Dr. Bakshi Tek Chand, (Hardyal, Hardy, B. R. Mandlekar,
B. D. Kathalay, Ganpat Rai and K. L. Arora, with him) for
the appellant.
C. K. Daphtary, Solicitor-General for India (T. P.
Naik and I. N. Shroff, with him) for respondent No. 1.
T. L. Shevde, Advocate-General for the State of
Madhya Pradesh, (T. P. Naik and I. N. Shroff, with him) for
respondent No. 2.
B. Sen and I. N. Shroff for respondent No. 3. 1954.
October 15. The Judgment of the Court was delivered by
MEHR CHAND MAHAJAN C.J.-This appeal by special leave
arises out of contempt proceedings taken against two very
senior members of the Nagpur Bar and one of their clients.

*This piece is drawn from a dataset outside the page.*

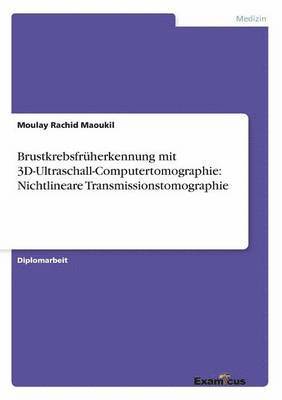 bokomslag Brustkrebsfruherkennung mit 3D-Ultraschall-Computertomographie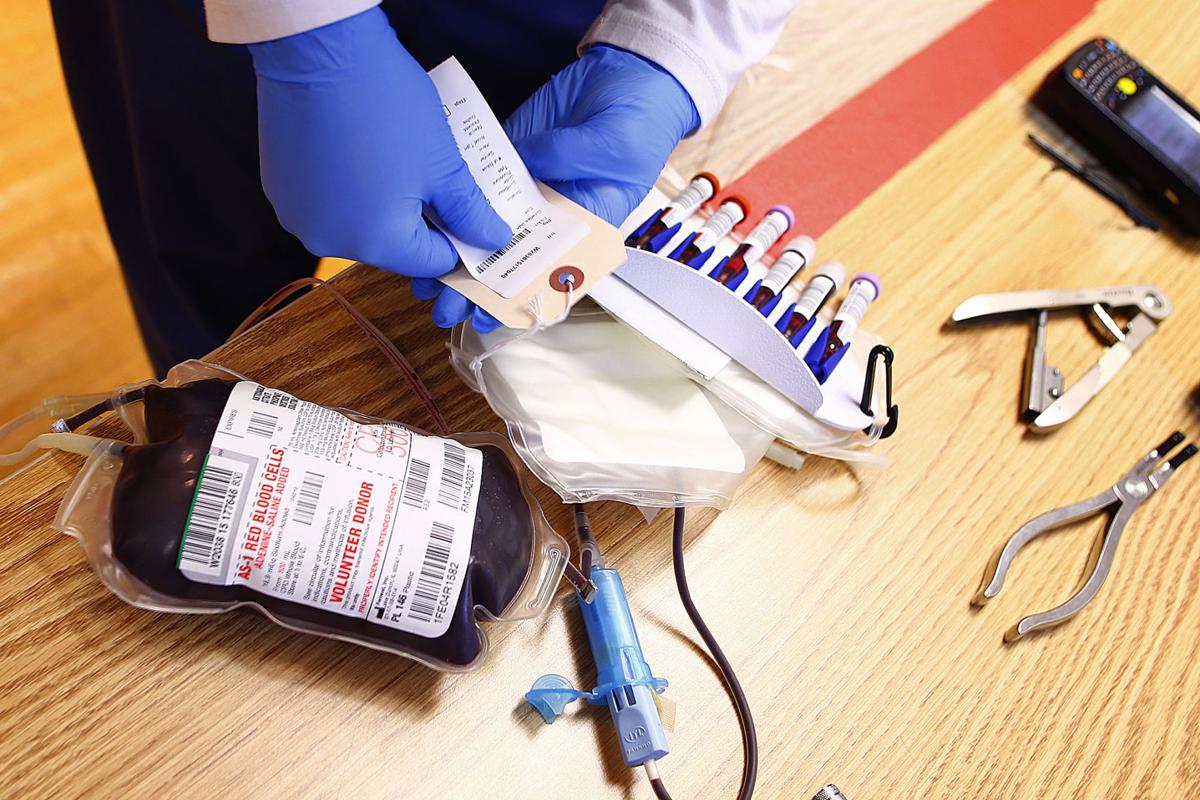 HIV and its effect on how blood donations are screened News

Shri Shareef, one of the appellants, at one time was
Minister for Law and Justice in the State. Dr. Kathalay,
the second appellant, is a Doctor of Laws and an author of
legal works. The matter which resulted in the issue of the
show cause notices for contempt took a protracted course and
has to a certain extent resulted in embittered feelings.
What happened
was this:
Shri Zikar who was charged along with the two appellants
for contempt made an application under article 226(1) of the
Constitution for enforcement of his fundamental right,
alleging that he was a citizen Of Bharat and that the
Custodian of Evacuee Property and the police were taking
wrongful action against him and treating him as a national
of Pakistan which he never was. He prayed for an interim
order of prohibition against the State from deporting him
after the expiry of the permit. The High Court granted the
interim order of prohibition against the action complained.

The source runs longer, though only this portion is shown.